Repeat exactly the lines of the records below, starting at the line containing "de la Torre" and ending at the line containing "Mini Cooper D Countryman 2.0 D Cooper D Auto". Leave the pictures out.

DATA RECORDS:

________________________

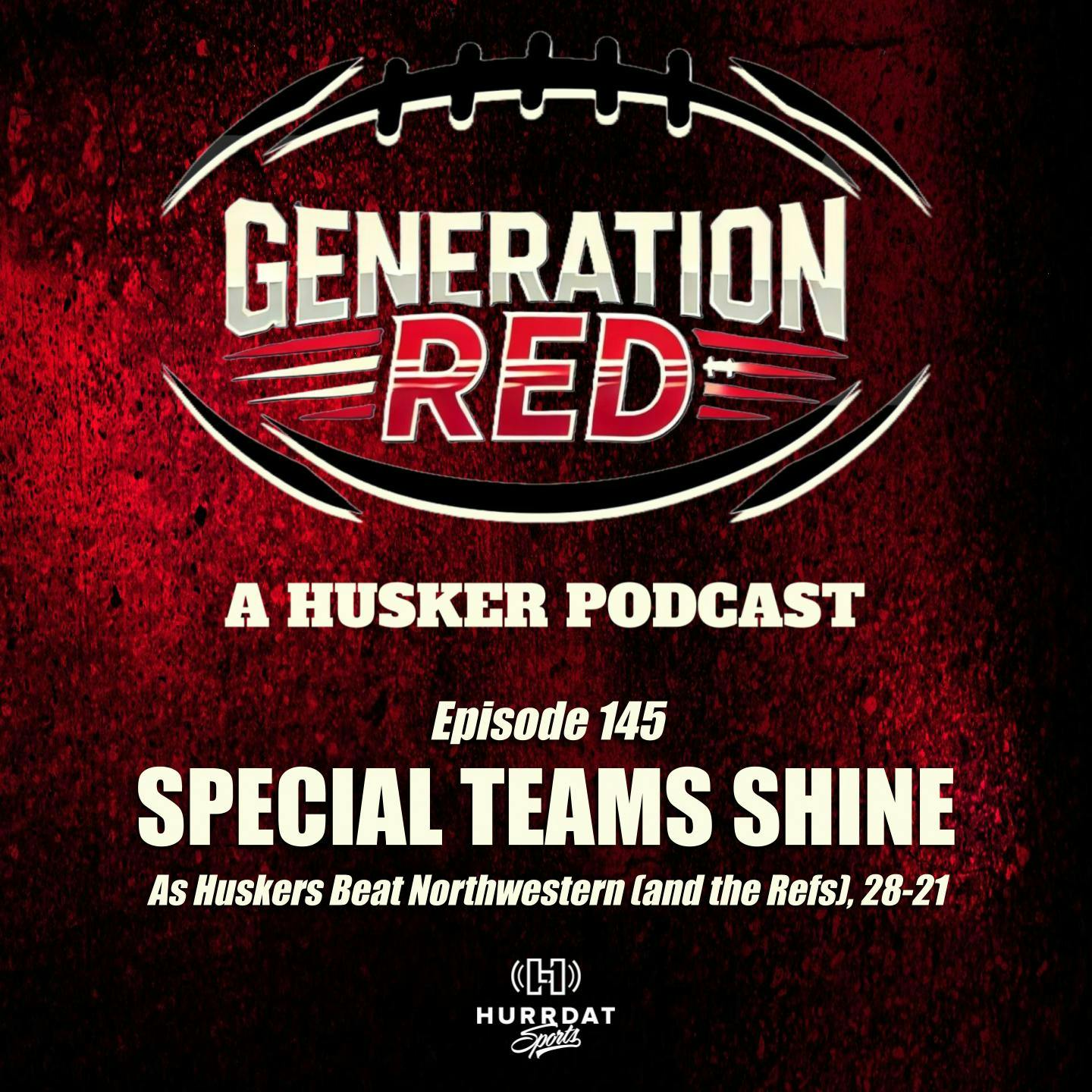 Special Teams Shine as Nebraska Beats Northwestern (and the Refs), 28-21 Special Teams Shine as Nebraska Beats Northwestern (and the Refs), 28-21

________________________

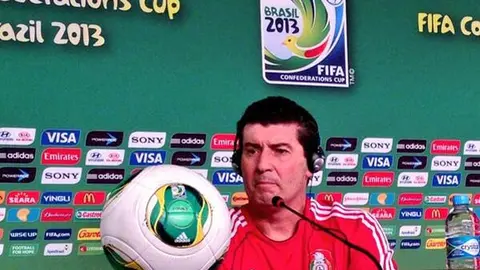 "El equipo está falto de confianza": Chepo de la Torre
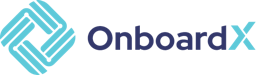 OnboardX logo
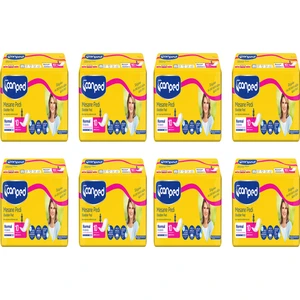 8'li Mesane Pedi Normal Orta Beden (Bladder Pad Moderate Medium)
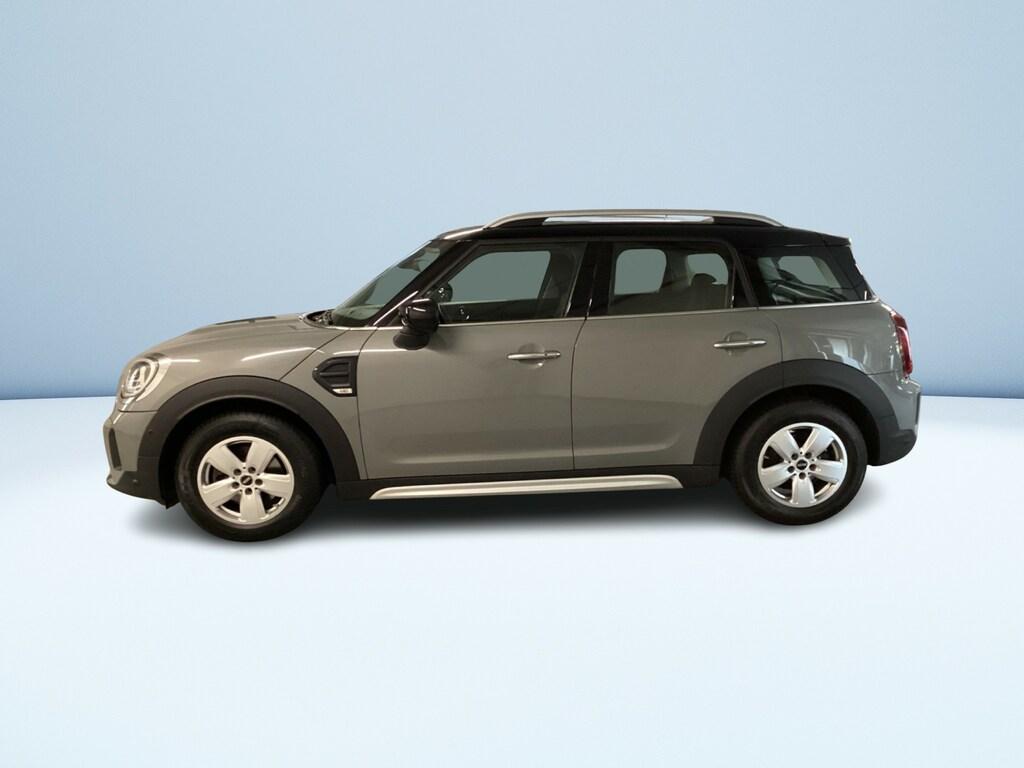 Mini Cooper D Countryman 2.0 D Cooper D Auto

________________________

TASK RESPONSE:
 "El equipo está falto de confianza": Chepo de la Torre
 OnboardX logo
 8'li Mesane Pedi Normal Orta Beden (Bladder Pad Moderate Medium)
 Mini Cooper D Countryman 2.0 D Cooper D Auto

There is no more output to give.